Question

A parallel plate capacitor is filled by a dielectric whose relative permittivity varies with the applied voltage (U) as $ \epsilon = 2U $. A similar capacitor with no dielectric is charged to $ U_0 = 78 \, \text{V} $. It is then connected to the uncharged capacitor with the dielectric. Find the final voltage on the capacitors.

• A. 6V
• B. 8V
• C. 2V
• D. 4V

Hint:

When solving problems involving capacitors with dielectrics, remember that the dielectric affects the capacitance and the voltage.
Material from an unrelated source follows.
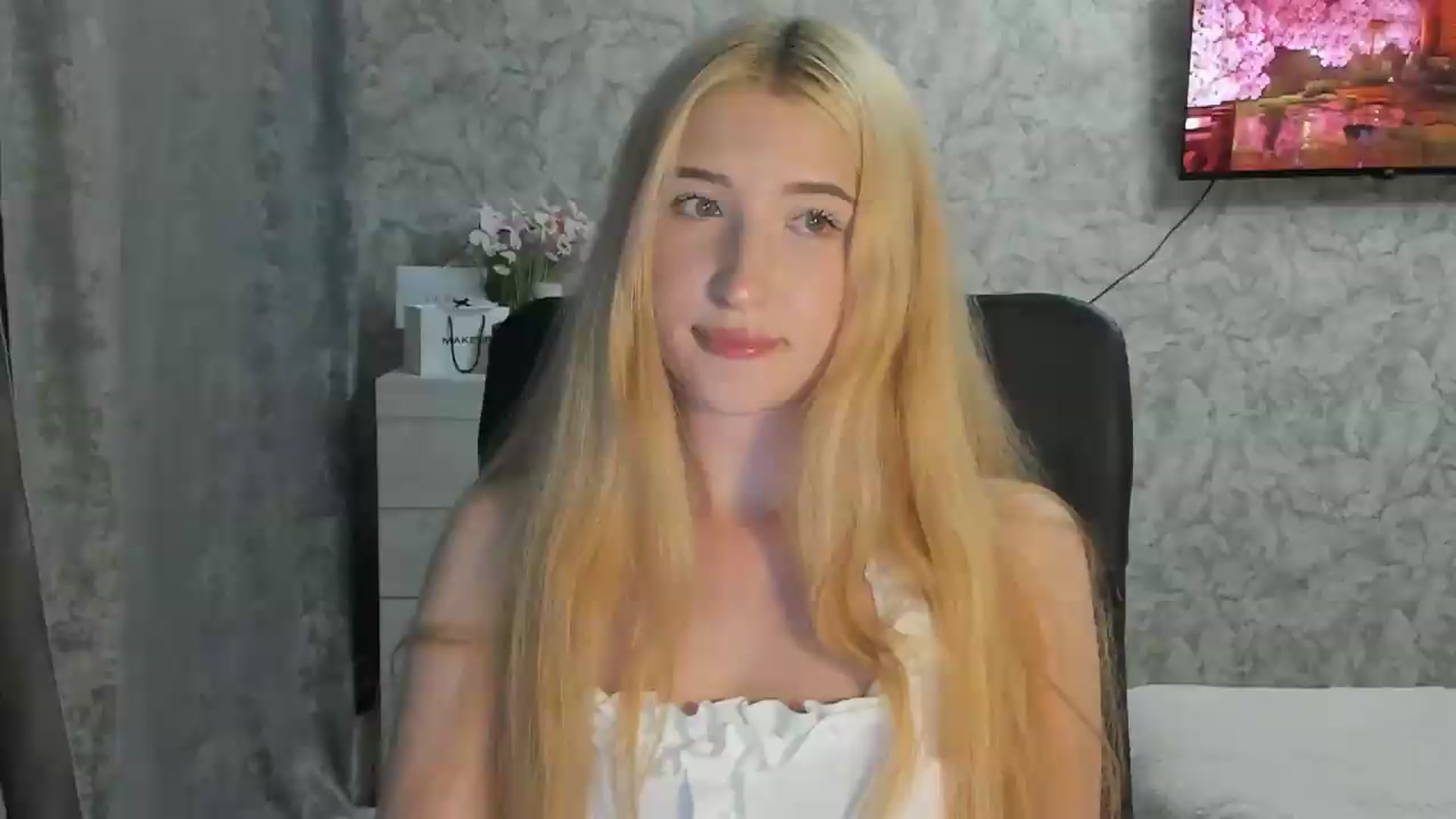 Gallery image thumbnail from Ilona_Here's myfreecams stream on, 08/01/2026, 19:24 image 10 of 20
The final voltage in connected capacitors is determined by charge conservation and the dielectric properties of the material.

Answer 1

The Correct Option is A

We are given that the relative permittivity of the dielectric is a function of the applied voltage, \( \epsilon = 2U \). 
Let the initial voltage across the capacitor without the dielectric be \( U_0 = 78 \, \text{V} \). 
The initial energy stored in the capacitor without the dielectric is given by: \[ U_{\text{initial}} = \frac{1}{2} C U_0^2 \] 
Now, when the capacitor with the dielectric is connected to this uncharged capacitor, the voltage across both capacitors will become equal due to charge conservation. 
Let's say the final voltage across both capacitors is \( U_f \). The energy after the connection is: \[ U_{\text{final}} = \frac{1}{2} C \epsilon(U_f) U_f^2 \] Since the charge on both capacitors is conserved, we have: \[ C U_0 = C \epsilon(U_f) U_f \] Substitute the value \( \epsilon(U_f) = 2 U_f \): \[ C U_0 = C \cdot 2 U_f^2 \] \[ U_0 = 2 U_f^2 \] \[ U_f^2 = \frac{U_0}{2} \] \[ U_f = \sqrt{\frac{U_0}{2}} = \sqrt{\frac{78}{2}} = 6 \, \text{V} \] Thus, the final voltage across the capacitors is \( 6 \, \text{V} \).